Basis for our opinion

We conducted our audit in accordance with Dutch law, including the Dutch Standards on Auditing. Our responsibilities under those standards are further described in the Our responsibilities for the audit of the Financial statements section of our report.

We are independent of Akzo Nobel N.V. in accordance with the Regulation regarding the independence of auditors in case of assurance engagements (“Verordening inzake de onafhankelijkheid van accountants bij assurance-opdrachten” (ViO)) and other relevant independence regulations in the Netherlands. Furthermore, we have complied with the Regulation and professional practice auditors (“Verordening gedrags- en beroepsregels accountants” (VGBA)).

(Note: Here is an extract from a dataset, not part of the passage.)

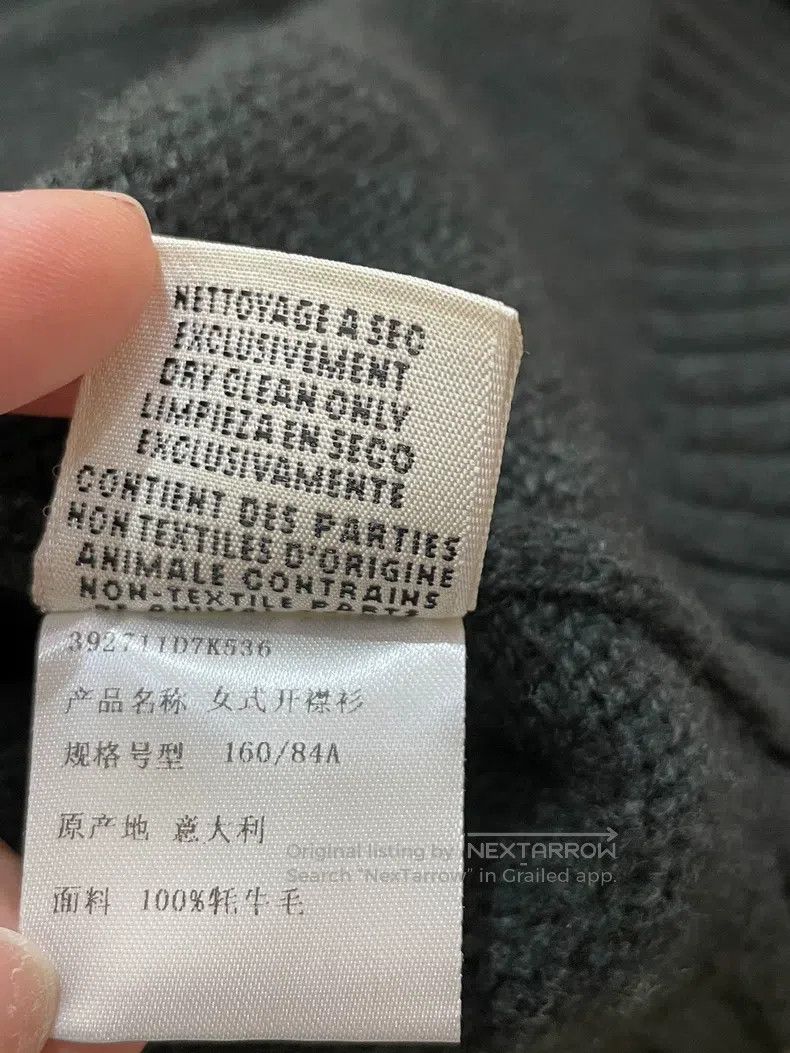 Hermes Hermes Dark Green Knit Cardigan Size XS / US 0-2 / IT 36-38 - 6 Thumbnail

We believe that the audit evidence we have obtained is sufficient and appropriate to provide a basis for our opinion.

Audit approach summary

Unqualified audit opinion

Materiality

  • Overall materiality of €60 million
  • 4.1 percent of group profit before tax, 0.4 percent of group revenue and 0.4 percent of group total assets

Scope of the group audit

  • Coverage of 82 percent of Group profit before tax, 70 percent of group revenue and 85 percent of group total assets

Key audit matters

  • Goodwill and other asset impairment testing
  • Post-retirement benefit provisions
  • Accounting for income tax positions
  • Transformation programs

Materiality

Misstatements can arise from fraud or error and are considered material if, individually or in aggregate, they could reasonably be expected to influence the economic decisions of users taken on the basis of these Financial statements. The materiality affects the nature, timing and extent of our audit procedures and the evaluation of the effect of identified misstatements on our opinion.

Based on our professional judgment we determined the materiality for the Financial statements as a whole at €60 million (2014: €64 million). The materiality is determined with reference to group profit before tax (4.1 percent). In addition, the appropriateness for the materiality was assessed by comparing the amount to group revenue (0.4 percent) and group total assets (0.4 percent). We have also taken into account misstatements and/or possible misstatements that in our opinion are material for qualitative reasons for the users of the Financial statements.

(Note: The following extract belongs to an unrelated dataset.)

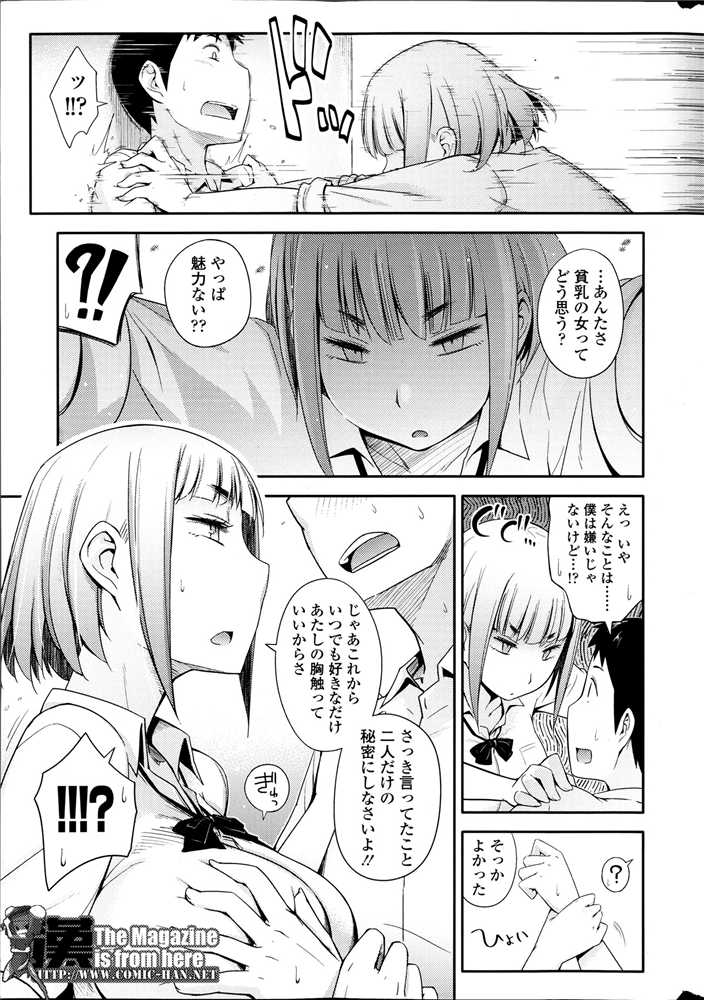 COMIC SIGMA 2013-07 - Page 12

We agreed with the Supervisory Board that misstatements in excess of €3 million, which are identified during the audit, would be reported to them, as well as smaller misstatements that in our view must be reported on qualitative grounds.

Scope of the group audit

Akzo Nobel N.V. is head of a group of entities. The financial information of this group is included in the Financial statements of Akzo Nobel N.V.

Because we are ultimately responsible for the opinion, we are also responsible for directing, supervising and performing the group audit. In this respect we have determined the nature and extent of the audit procedures to be carried out for group entities. Decisive were the size and / or the risk profile of the group entities or operations. On this basis, we selected group entities for which an audit or specified audit procedures had to be carried out on the complete set of financial information or specific items.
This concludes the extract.